Question, how can I determine the impulse response function of a first order hold? On Wikipedia it is simply stated as:
$$ h_{\mathrm{FOH}}(t)\,= \frac{1}{h} \mathrm{tri} \left(\frac{t}{h} \right) = \begin{cases} \frac{1}{h} \left( 1 - \frac{|t|}{h} \right) & \mbox{if } |t| < h \\ 0 & \mbox{otherwise} \end{cases} \ $$
But given it's implementation $$f(t) = f(kh) + \frac{t - kh}{h}(f((k+1)h) - f(kh)) \text{ with }kh \leq t < (k+1)h$$
how do I obtain $h_{FOH}(t)$?
--edit--
So if $f(kh)=δ(0)$ for $k=0$.
For $k=−1$, e.g., $−h≤t<0$ we get $f(t)=f(−h)+\frac{t+h}{h}(f(0)−f(−h))$ combined with $f(−h)=0$ this results in $f(t)=\frac{t+h}{h}\delta(0)$.

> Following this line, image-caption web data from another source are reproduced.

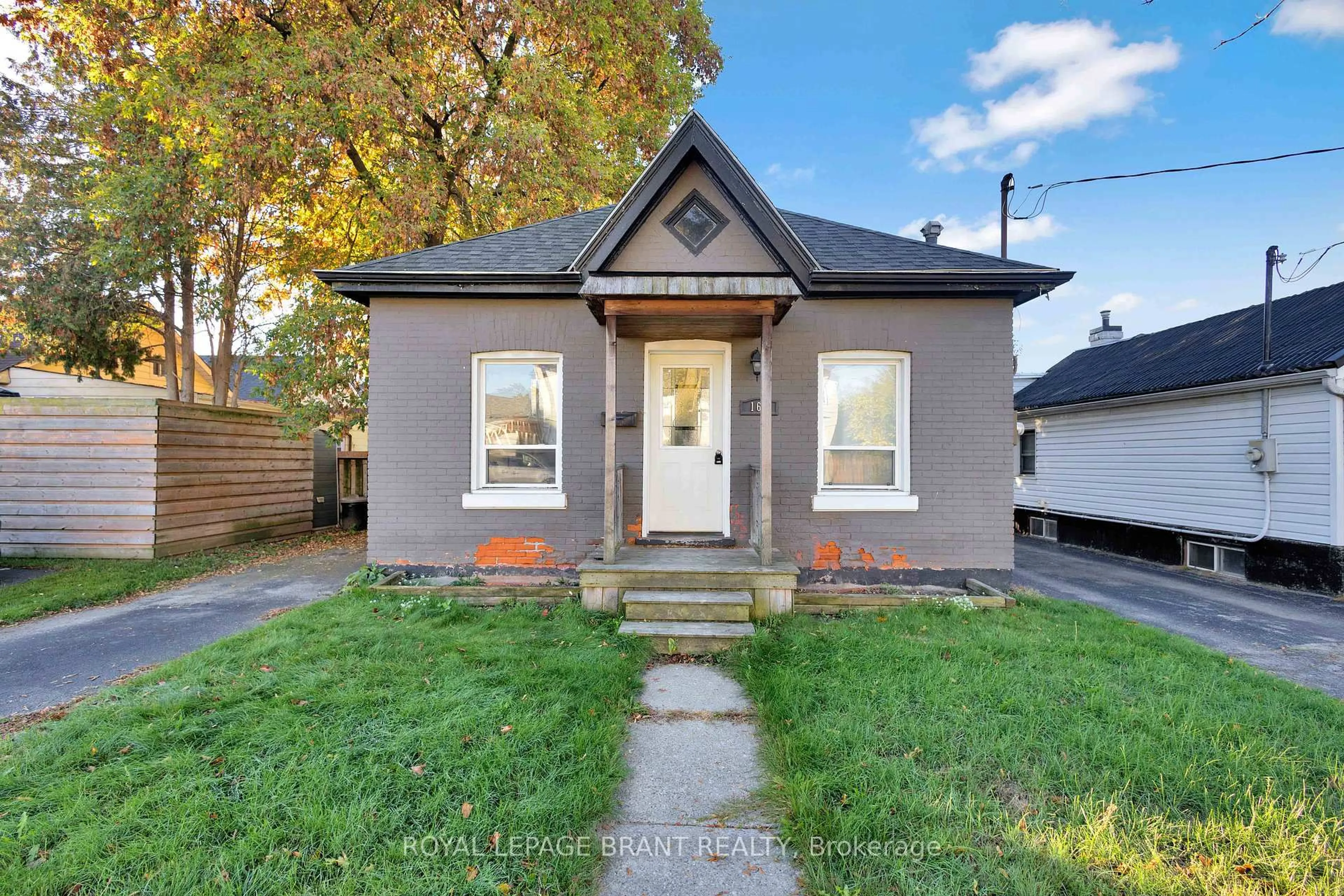 Home with brick exterior material, street for 167 Bruce St, Brantford Ontario N3S 4Z3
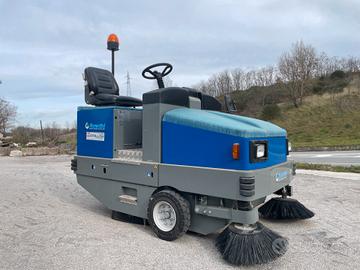 Spazzatrice diesel FIORENTINI modello S38D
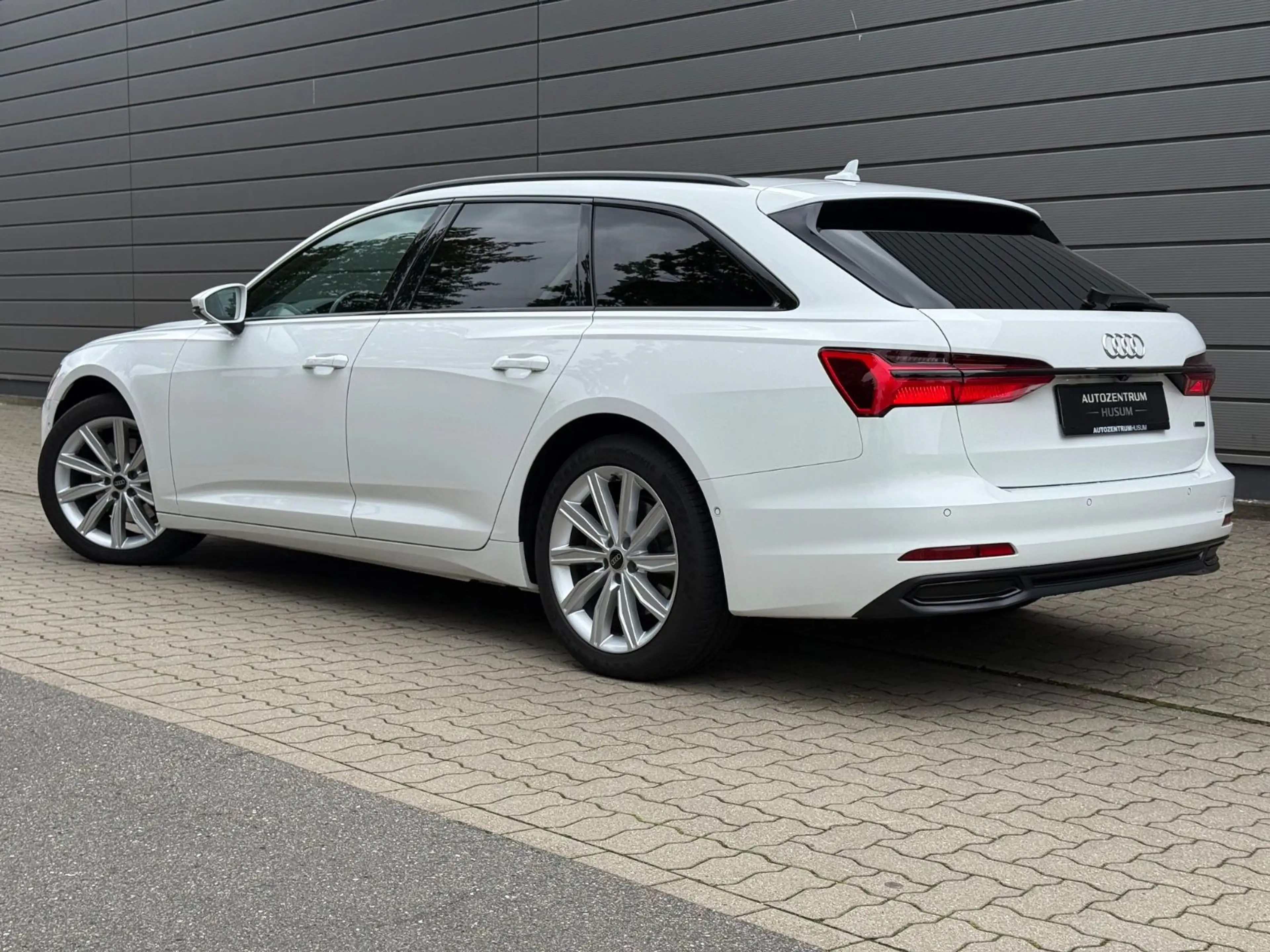 Audi A6 Avant 45 TDI quattro sport *HU/AU NEU*SHZ*AHK — photo 7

For $k=0$, e.g., $0≤t<h$ we get $f(t)=f(0)+\frac{t}{h}(f(h)−f(0))=δ(0)−\frac{t}{h}\delta(0)$.
So we get $h_{\mathrm{FOH}}(t)\,= \begin{cases} \frac{t + h}{h} \delta(0) & \mbox{if } -h \leq t < 0 \\ \delta(0) - \frac{t}{h} \delta(0) & \mbox{if } 0 \leq t < h \\ 0 & \mbox{otherwise} \end{cases}$
what then follows, is that you have to "see" that this equals the formula with $\text{tri}$ function, as at the start of this message.
clear all;
close all;
clc;
h = 0.01;
t = -1:h:1;
for i = 1:length(t)
if -h <= t(i) && t(i) < 0
y(i) = (t(i) + h) / h;
elseif 0 <= t(i) && t(i) < h
y(i) = 1 - t(i)/h;
else
y(i) = 0;
end
end
fohImpl = @(t,h) triangularPulse(t/h);
figure(1);
plot(t,y);
hold all;
plot(t,fohImpl(t,h));